Loading Datasets

In chem_mat_data, each dataset is provided in a raw and a processed/graph format.

The raw format resembles the format in which the dataset was originally published in and is usually more compressed and therefore more storage- and bandwidth-efficient to work with. For molecular datasets, this raw format usually simply consists of a list of SMILES strings that represents different molecules and their corresponding target value annotations. Since it is more data efficient, this format is recommended when working with machine learning methods that do not require the full graph representation, such as methods based on molecular fingerprints.

The processed/graph format contains the already pre-processed full graph information for each molecule in the dataset. This format represents each molecule as a graph structure where all atoms are represented as graphs and all bonds as the corresponding edges. This format is recommended for machine learning methods based on graph neural networks (GNNs) since it removes the time-consuming graph pre-processing step.

Loading Raw Datasets

SMILES Dataset

For molecular property prediction tasks, the raw dataset format consists of a list of SMILES strings that represent the various molecules and their corresponding target value annotations.

A raw SMILES dataset can be loaded using the load_smiles_dataset function. This function will return a pandas.DataFrame object that contains a "smiles" column as well as various other columns that contain the target property annotations (whose names differe between the various datasets.)

import pandas as pd
from chem_mat_data import load_smiles_dataset

df: pd.DataFrame = load_smiles_dataset('clintox')
print(df.head())

XYZ Datasets

Alternative to SMILES representations, some datasets are stored in the form of .XYZ files. The main difference of an XYZ dataset w.r.t. to a SMILES dataset is that the SMILES dataset contains the graph structure in the form of the bond information and the XYZ dataset contains additional geometry information in the form of atom coordinates.

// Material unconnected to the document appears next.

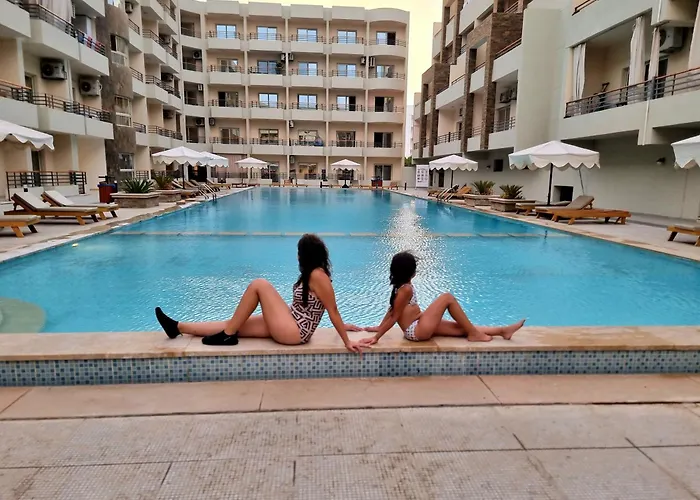 Apartment Oasya Hurghada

A raw XYZ dataset can be loaded using the load_xyz_dataset function. This function will return a pandas.DataFrame object that most importantly contains the "mol" column as well as various other columns that contain the target property annotations or other additional values.

import pandas as pd
from chem_mat_data import load_xyz_dataset

df: pd.DataFrame = load_xyz_dataset('qm9', parser_cls='qm9')
print(df.head())

Different XYZ File Formats

There exist slightly different format specifications for .xyz files which vary in how the include which information. The parser_cls parameter of the load_xyz_dataset function can be used to specify a distinct parser to be used to load the dataset in question. To find out which parser to use, one can use the cmdata info command for the dataset in question.

Loading Processed Datasets

The processed/graph format of a dataset can be loaded with the load_graph_dataset function. This function will return a list of dict objects which contain various key value pairs that describe the full graph structure of the molecule. For more information on the structure of these graph representations visis the Graph Representation documentation.

from rich.pretty import pprint
from chem_mat_data import load_graph_dataset

graphs: list[dict] = load_graph_dataset('clintox')
print(f'loaded {len(graphs)} graphs')
example_graph = graphs[0]
pprint(example_graph)